▶ _Problem details_: Retype the data below verbatim; pictures do not belong in the copy.

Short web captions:
=== Section Start ===

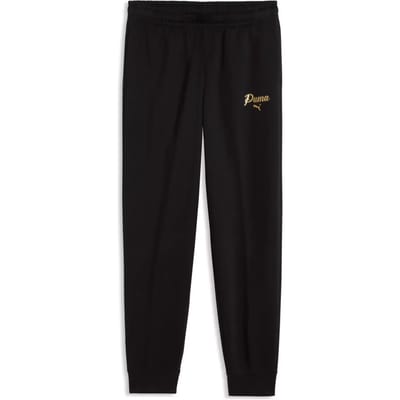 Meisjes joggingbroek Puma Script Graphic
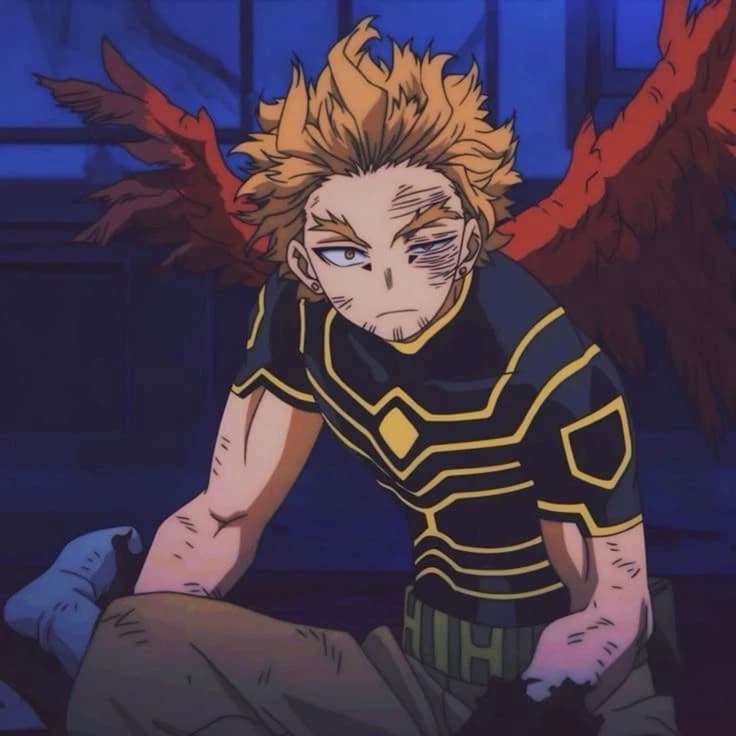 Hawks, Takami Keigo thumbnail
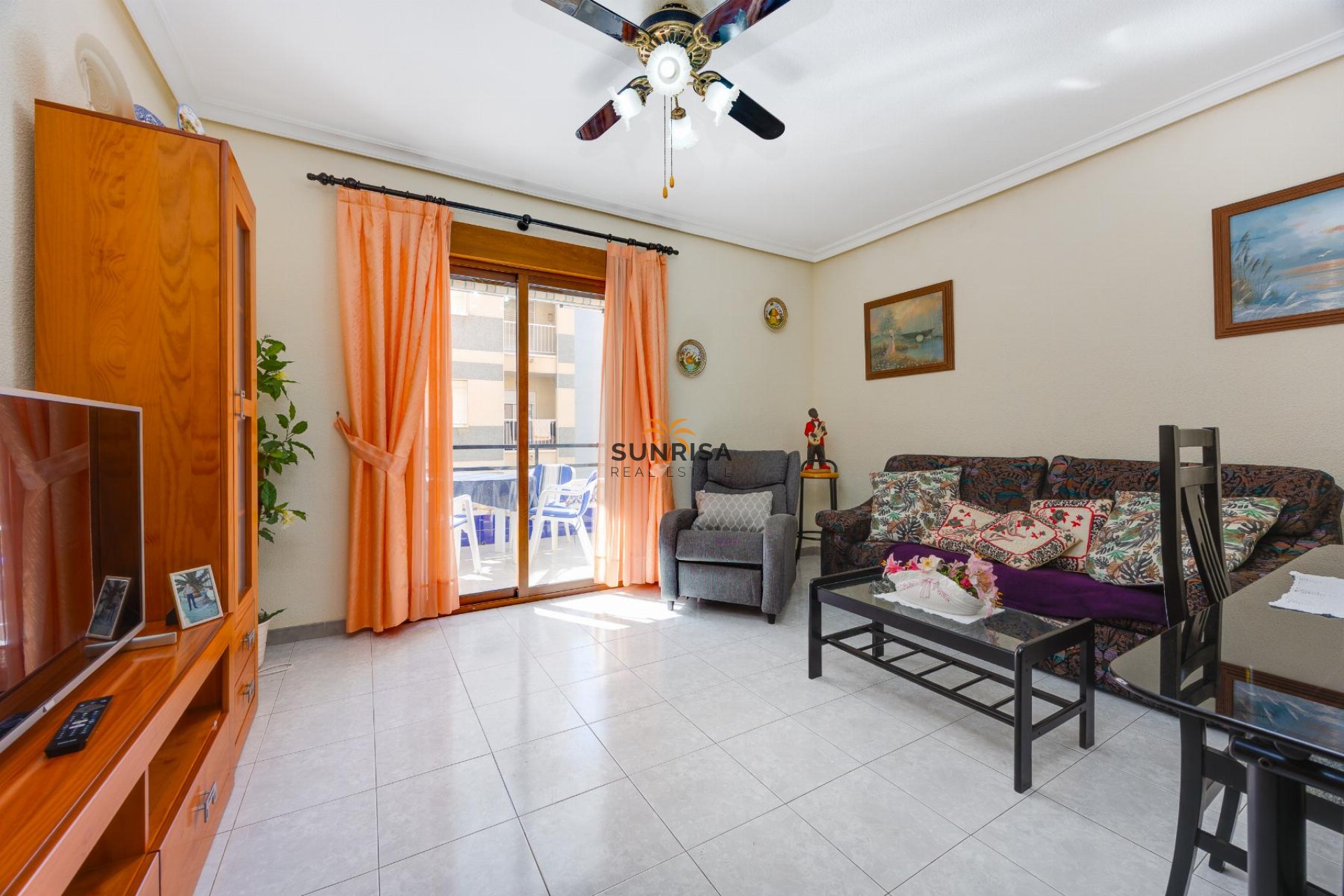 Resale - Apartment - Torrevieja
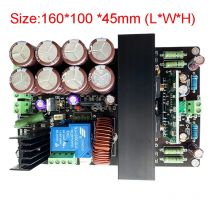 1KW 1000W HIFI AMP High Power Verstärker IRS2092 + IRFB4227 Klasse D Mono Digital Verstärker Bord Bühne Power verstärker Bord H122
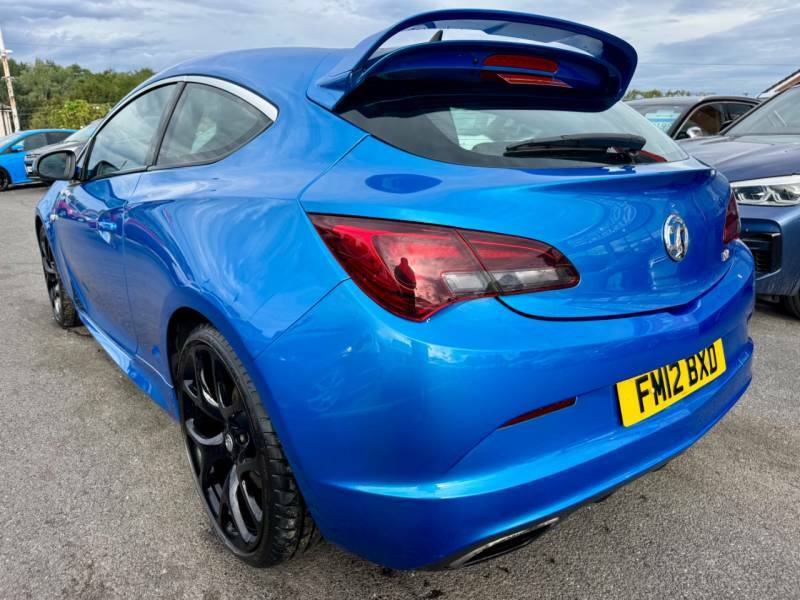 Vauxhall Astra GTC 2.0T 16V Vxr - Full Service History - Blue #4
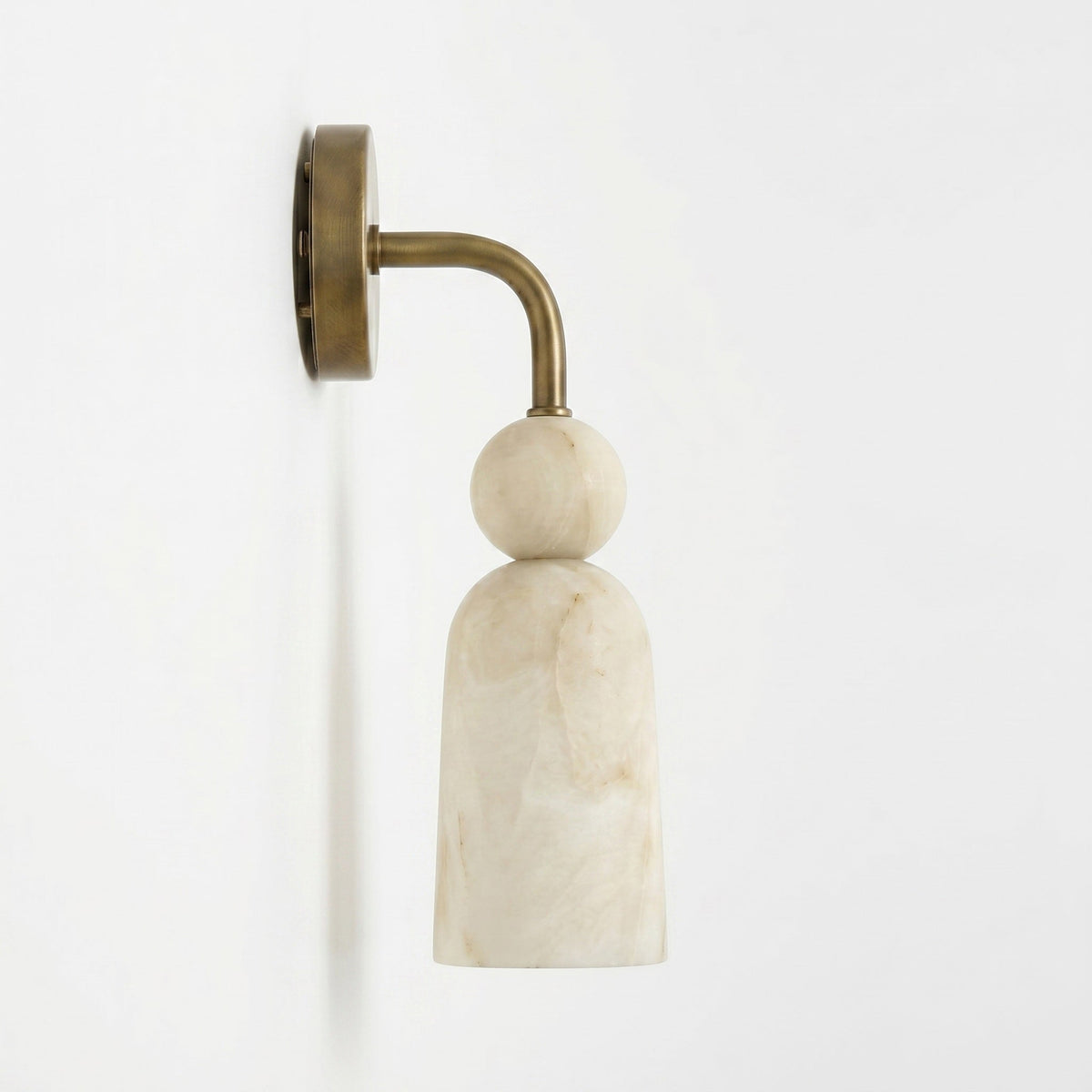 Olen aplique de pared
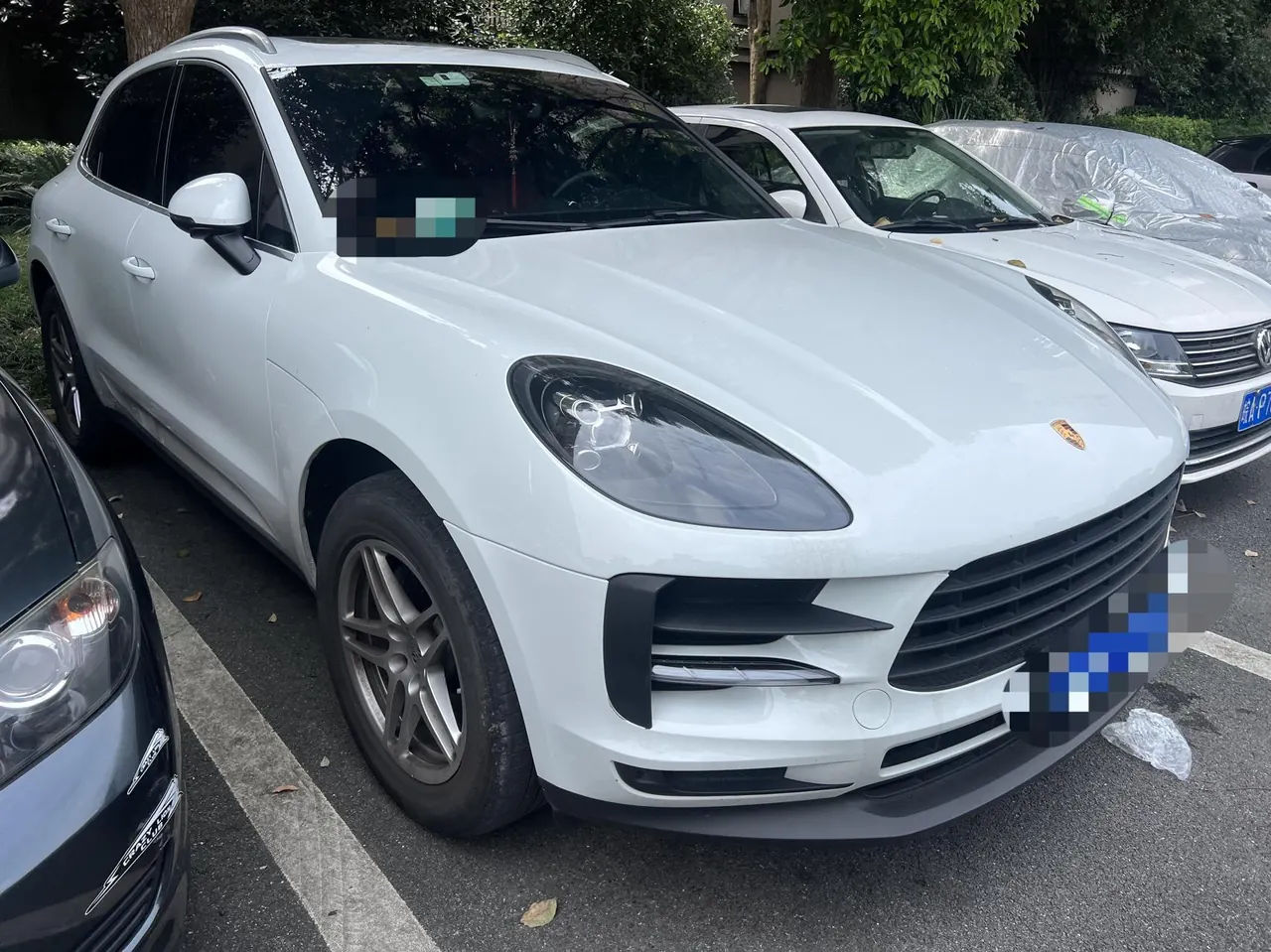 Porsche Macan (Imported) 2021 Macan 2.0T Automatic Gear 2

=== Section End ===

▶ _Answer space_:
 Meisjes joggingbroek Puma Script Graphic
 Hawks, Takami Keigo thumbnail
 Resale - Apartment - Torrevieja
 1KW 1000W HIFI AMP High Power Verstärker IRS2092 + IRFB4227 Klasse D Mono Digital Verstärker Bord Bühne Power verstärker Bord H122
 Vauxhall Astra GTC 2.0T 16V Vxr - Full Service History - Blue #4
 Olen aplique de pared
 Porsche Macan (Imported) 2021 Macan 2.0T Automatic Gear 2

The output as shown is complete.